Egypt is an appealing reform prospect for the US and IMF if there's a compliant partner. When Mubarak left office, he entrusted former members of his Interior Ministry with running the country. SCAF (Supreme Council of Armed Forces) has been the de facto government and they have continued if not enhanced many of their pre-revolution policies of repression.

All of the articles outlawing freedom of expression are still in place. SCAF instituted an anti-strike law, which criminalizes public assembly that disrupts stability. There's also an anti-thuggery law, which is broadly used to target protesters. For expediency's sake, SCAF has also been using military trials. In early June, the military council announced that there had been over 7,000 military trials since the 25 January Revolution. Human rights advocates say it's likely closer to 10,000 and that these are mostly civilians, who should be tried in civilian courts.

SCAF is intent on preserving power by whatever means necessary and they're looking for assistance in doing it.

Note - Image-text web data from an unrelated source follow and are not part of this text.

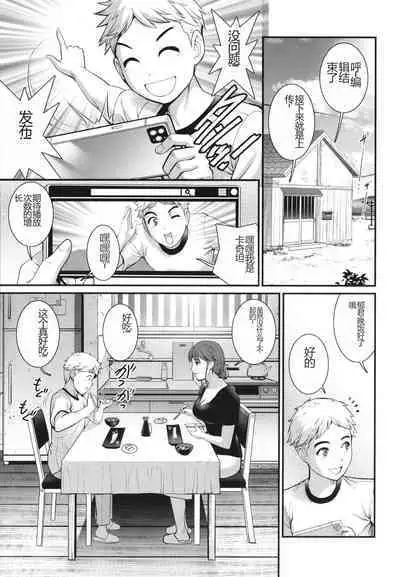 Meshibe no Sakihokoru Shima de - On the island where pistils are in full bloom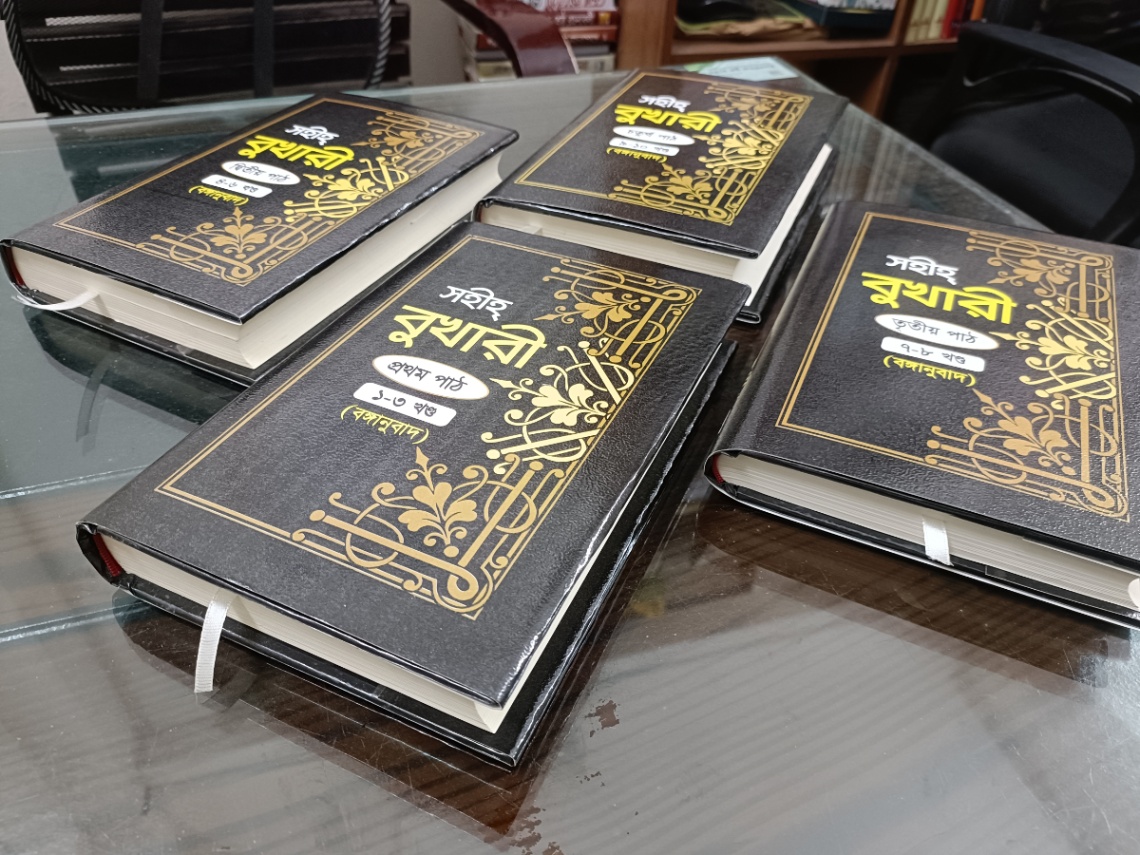 সহীহ বুখারী শরীফ (১ থেকে ১০ খণ্ড একত্রে - ৪টি বইয়ে) - Image 2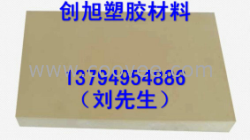 供應Peek板…12毫米Peek板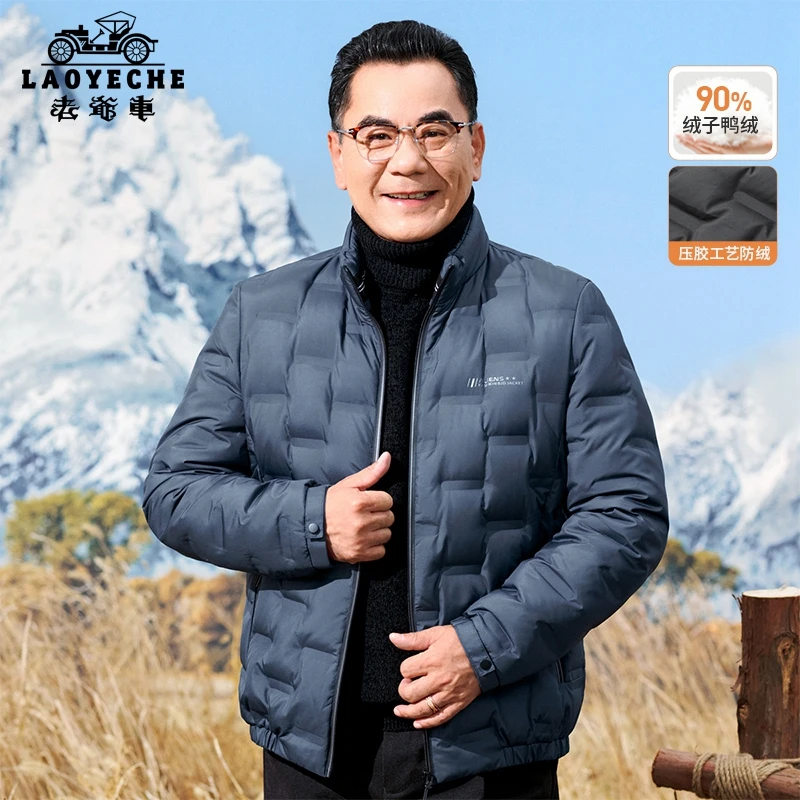 老爷车中年男士鸭绒短款羽绒服外套秋冬季新款棉服中老年上衣夹克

The IMF has been in negotiations with SCAF since Deauville. On June 5, an agreement was reached in which the IMF would give Egypt a $3 billion loan to aid in its democratic transition. The potential new head of the IMF, French Finance Minister Christine Lagarde was in Cairo on June 12. According to AFP she told reporters that she was confident in her bid, especially after meetings in Cairo.

Continuing Resistance

Gallup-Abu Dhabi has released a report entitled, “Egypt from Tahrir to Transition: Egyptians on their assets and challenges and what leaders should do about it.” The report shows that most Egyptians are wary of support from the US and leading financial institutions, especially when it interferes with democratic process. Fifty-two percent of Egyptians oppose any form of economic aid from the US. Seventy-five percent of Egyptians oppose US economic aid to political groups. These polls were taken, also, during a time of uncertainty in Egypt.

The US and SCAF have made multiple attempts to reach out to the revolutionaries. Hillary Clinton attempted to meet with “the youth of the revolution,” but was met with criticism over US support of Mubarak. Waleed Rashed and Ahmed Maher of the April 6 movement told the American press, “The tear gas used against protestors in Tahrir Square was made in the US.” SCAF has repeatedly held meetings with youths, but has been unable to reach any agreement. During the National Dialogues held in early May, former National Democratic Party officials were in attendance, so members of April 6 and others walked out.

On May 27, the April 6 movement, 25 January Coalition, Youth Union, and other youth groups organized what they called the Second Rage Revolution in Tahrir Square. Tens of thousands came out in protest. There were several signs condemning the military and asking for the resignation of Tantawi, head of SCAF. One protester, a young man, a student at The American University in Cairo, said, “There hasn't been enough change. Mubarak was a symbol of all that's wrong with this country.”

The 25 January was just the beginning of an ongoing revolution in Egypt. The military and its Western partners are attempting to maintain stability, but strikes and protests continue. It is unclear how the balance of power will tip.